* _Provided information_:
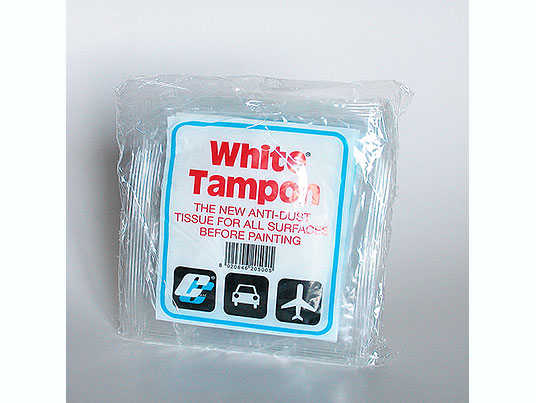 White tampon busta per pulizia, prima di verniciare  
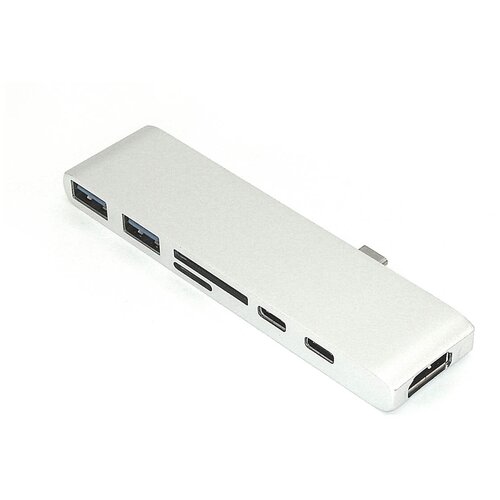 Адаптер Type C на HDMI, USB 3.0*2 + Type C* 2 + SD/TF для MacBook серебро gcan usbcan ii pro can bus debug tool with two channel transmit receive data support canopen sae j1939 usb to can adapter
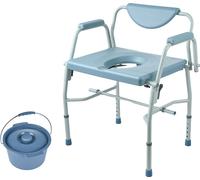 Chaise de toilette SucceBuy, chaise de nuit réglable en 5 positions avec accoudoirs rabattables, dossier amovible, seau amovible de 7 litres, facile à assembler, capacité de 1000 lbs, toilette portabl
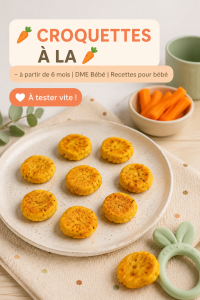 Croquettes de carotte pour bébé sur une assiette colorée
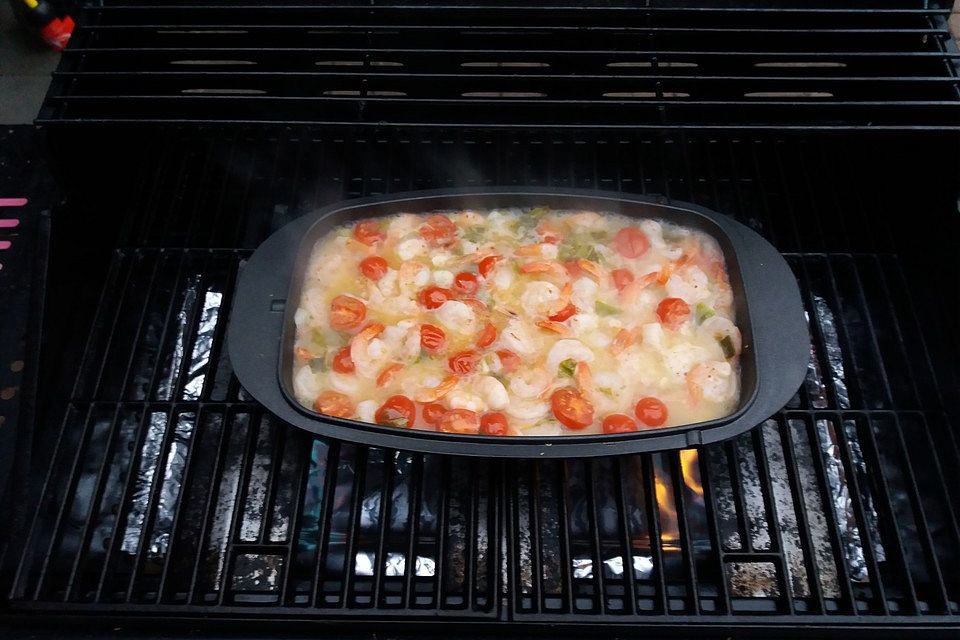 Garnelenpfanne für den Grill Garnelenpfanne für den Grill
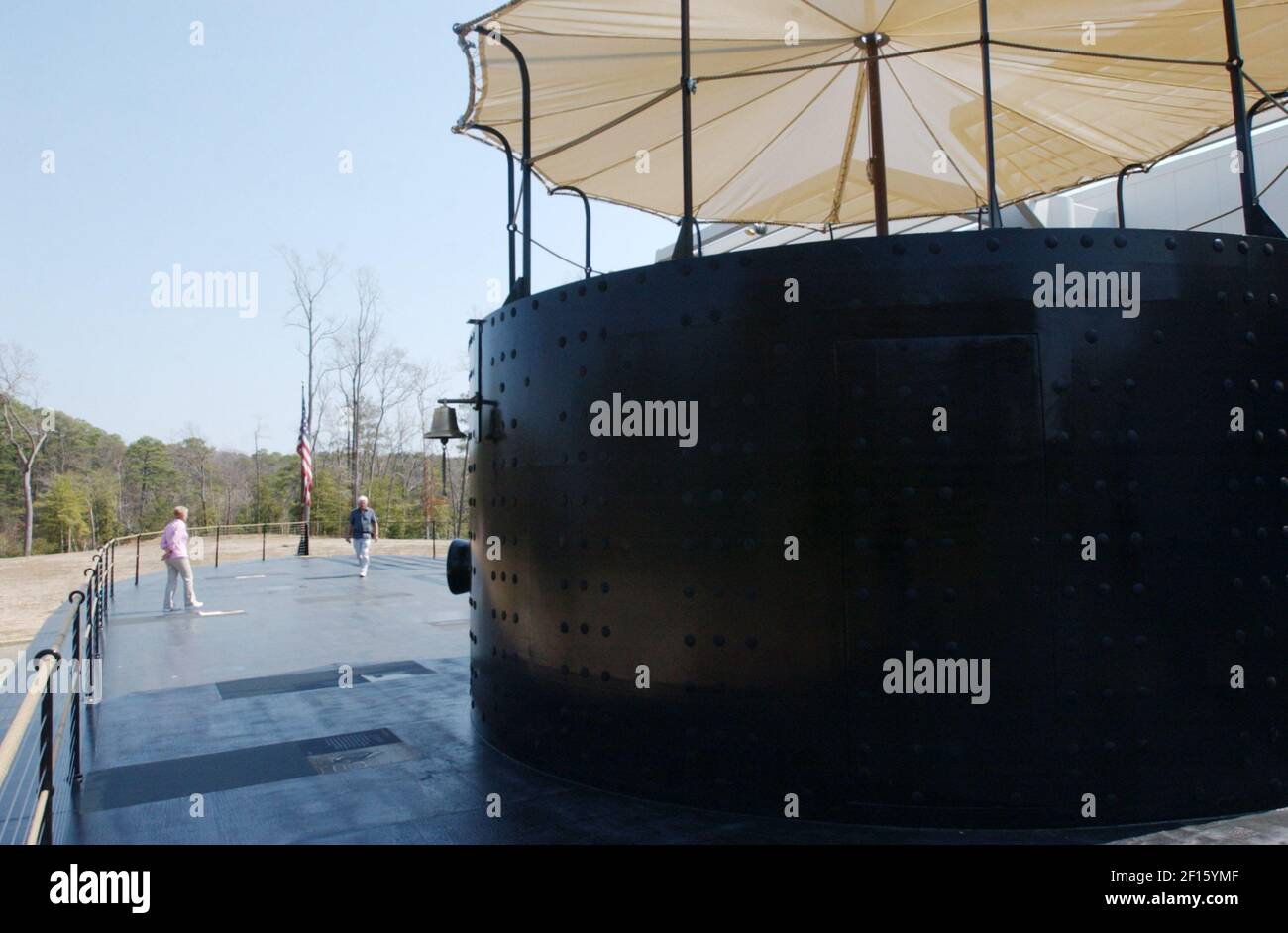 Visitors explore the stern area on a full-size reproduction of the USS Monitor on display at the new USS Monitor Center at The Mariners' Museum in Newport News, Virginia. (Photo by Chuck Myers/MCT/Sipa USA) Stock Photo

---

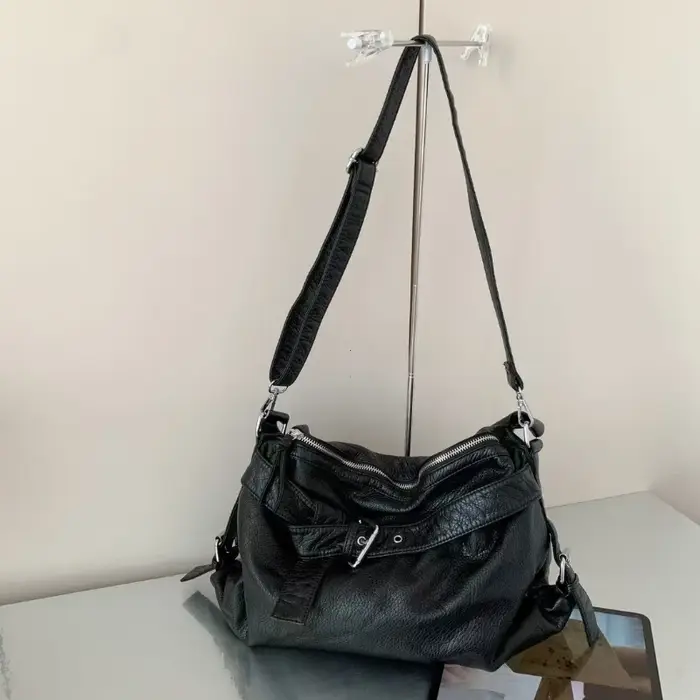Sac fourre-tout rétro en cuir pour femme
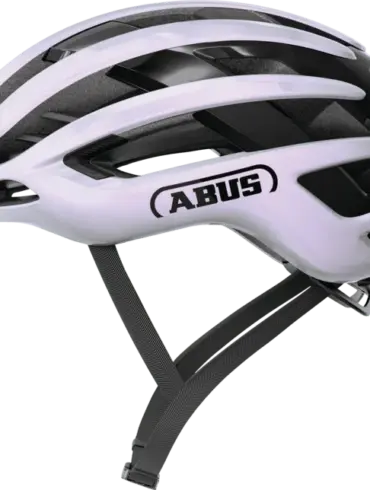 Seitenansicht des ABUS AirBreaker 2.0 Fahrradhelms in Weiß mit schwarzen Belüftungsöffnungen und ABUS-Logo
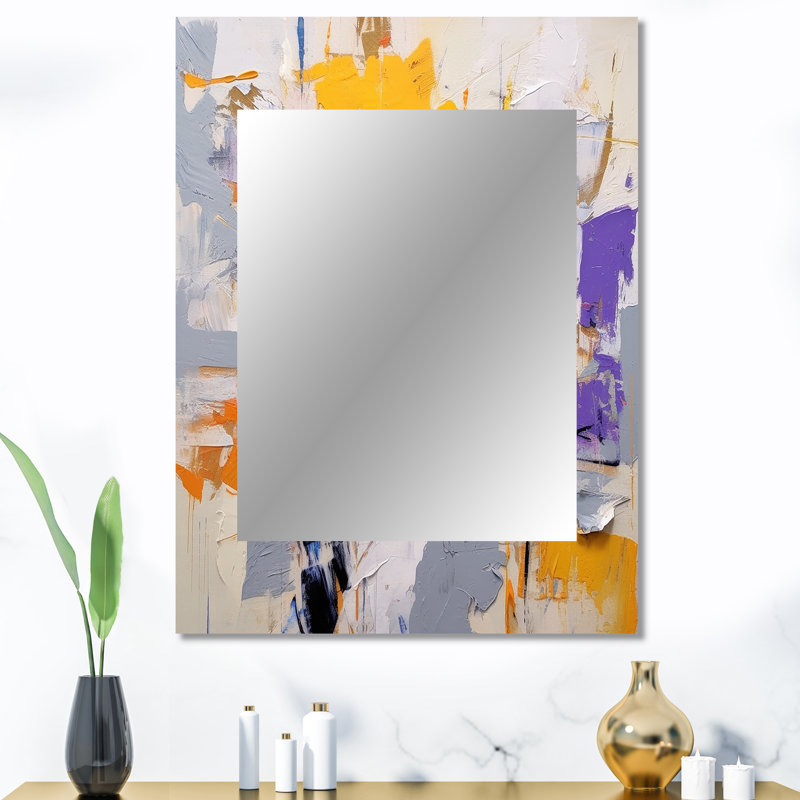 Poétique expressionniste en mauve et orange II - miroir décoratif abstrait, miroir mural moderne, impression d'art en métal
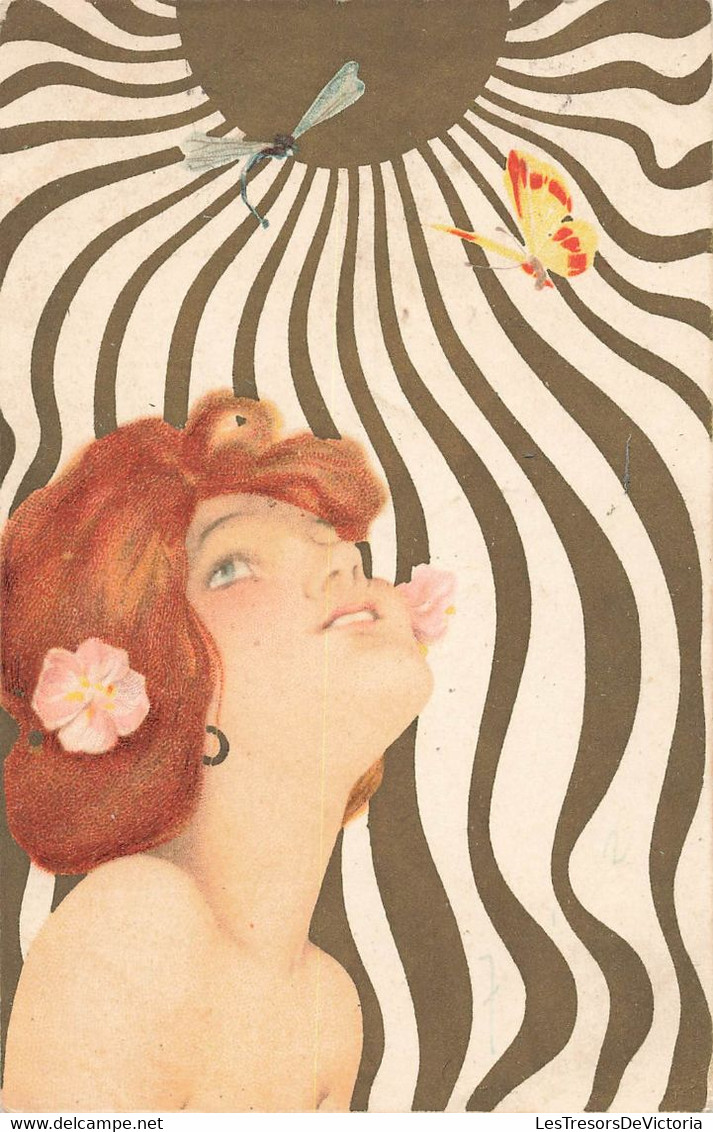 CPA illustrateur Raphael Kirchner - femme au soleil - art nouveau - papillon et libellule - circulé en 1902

* _Exercise objective_: Because only one stretch of the records is wanted, please output the lines from the one holding "White tampon busta" through the one holding "Visitors explore the" exactly, both included, and leave every picture out.

* _Exercise answer_:
 White tampon busta per pulizia, prima di verniciare  
 Адаптер Type C на HDMI, USB 3.0*2 + Type C* 2 + SD/TF для MacBook серебро gcan usbcan ii pro can bus debug tool with two channel transmit receive data support canopen sae j1939 usb to can adapter
 Chaise de toilette SucceBuy, chaise de nuit réglable en 5 positions avec accoudoirs rabattables, dossier amovible, seau amovible de 7 litres, facile à assembler, capacité de 1000 lbs, toilette portabl
 Croquettes de carotte pour bébé sur une assiette colorée
 Garnelenpfanne für den Grill Garnelenpfanne für den Grill
 Visitors explore the stern area on a full-size reproduction of the USS Monitor on display at the new USS Monitor Center at The Mariners' Museum in Newport News, Virginia. (Photo by Chuck Myers/MCT/Sipa USA) Stock Photo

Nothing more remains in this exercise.